McKinney links the effects to neutralize Black leadership to the operation of domestic “regime change” in the U.S. With “regime change,” she argues, Black
Americans “are denied the right to their own leadership … and effectively implemented a counter-stragegy to rescue us” (Afro-Colombianos Conference, Feb
16, 2007, Cali, Colombia).
     McKinney explains, “Regime change inside the U.S. was initially conceived as a means to control black leadership that might ‘excite the Negroes.’
‘Excite the Negroes’ is a quote. Those are the words used by J. Edgar Hoover in 1919 when The Honorable Marcus Garvey was first noticed by the United
States government and then targeted by it, so that Garvey could never influence U.S. politics. J. Edgar Hoover wrote in 1919 that Marcus Garvey, ‘excited
the Negroes,’ and that it was too bad that he hadn’t committed any offense so that he could be deported.”
     Garvey was forced to inform them of all his activities. He was then set up on fake charges and deported, just like the U.S. government wanted.

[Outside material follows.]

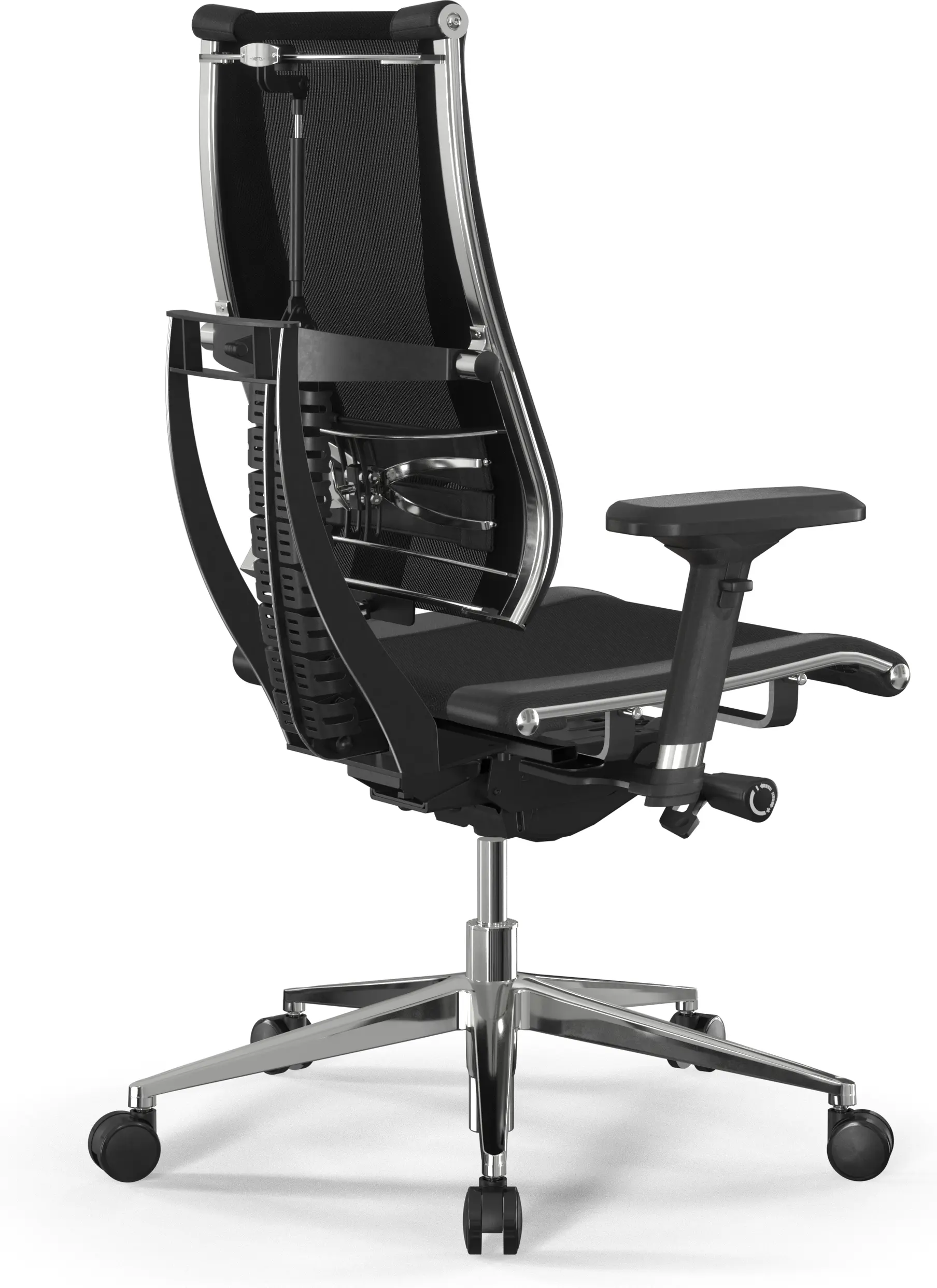 Metta kreslo sit 8 b2 10u umf x1 metta z252343249 1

But
fortunately for us, not until after Garvey had been able to amass millions of followers and had made a lasting imprint on Blacks in the United States that lasts
until today. Of course, that was 1919. And the U.S. government institutionalized its covert actions against U.S. citizens in the Counter-Intelligence Program.
During the days of Elijah Muhammad, Malcolm X, and Dr. Martin Luther King, Jr., COINTELPRO’s mission was to ‘expose, disrupt, misdirect, discredit, or
otherwise neutralize’ the activities of Black nationalist leaders and organizations. Those are the words of the U.S. government, and we all know what
neutralize means.
     Now, by way of COINTELPRO, the U.S. government disrupted marriages, put innocent people in jail on trumped-up charges, sowed dissension among
members of the same group, like what happened with the murder of Malcolm X, and between members of different groups like what happened between the
Black Panther Party and United Slaves. They also murdered people. Fred Hampton of Chicago was murdered in his bed as his pregnant wife lay next to him.

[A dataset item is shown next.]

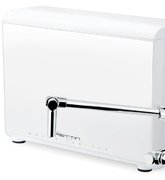 Ионизатор воды Тиент UCE-9000T фото 4 в Краснодаре Ионизатор воды Tyent UCE-9000T фото 4 в Краснодаре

He had been drugged by a black FBI informant who drew a map of Fred Hampton’s house for the Chicago Police who finished the job.
But it isn’t finished.  It continues today.  
     McKinney suggests that the architects of COINTELPRO seek to deny sympathy for authentic Black leaders from the White community from without while
assuring that Black youths within the community dismiss this authentic leadership as “militant” or “too Afro-centric.”  
     Last week, a Chicana second-year English teacher, Karen Salazar, is fired from the LA School District. Charged with being “too Afro-centric,” Salazar,
her students and colleagues took their battle to the streets. What is feared when a teacher-leader teaches The Autobiography of Malcolm X, the poetry of
Langston Hughes and the lyrics of Tupac Shakur?  
     While Salazar speaks of “warrior-scholars” standing up and fighting back the effort to subvert and subjugate her students, it’s clear that COINTELPRO has
pushed the battle of these leaders, Black and Chicano/a, to the frontlines.  Salazar is teaching! She is teaching her students the most important lesson of
their lives as oppressed members of the Empire: the legacy of institutionalized violence, of neutralization, of “regime change,” also has, as Salazar noted, a
“strong history” of freedom fighters “fighting back.”   
     It continues. But warriors are standing up everyday!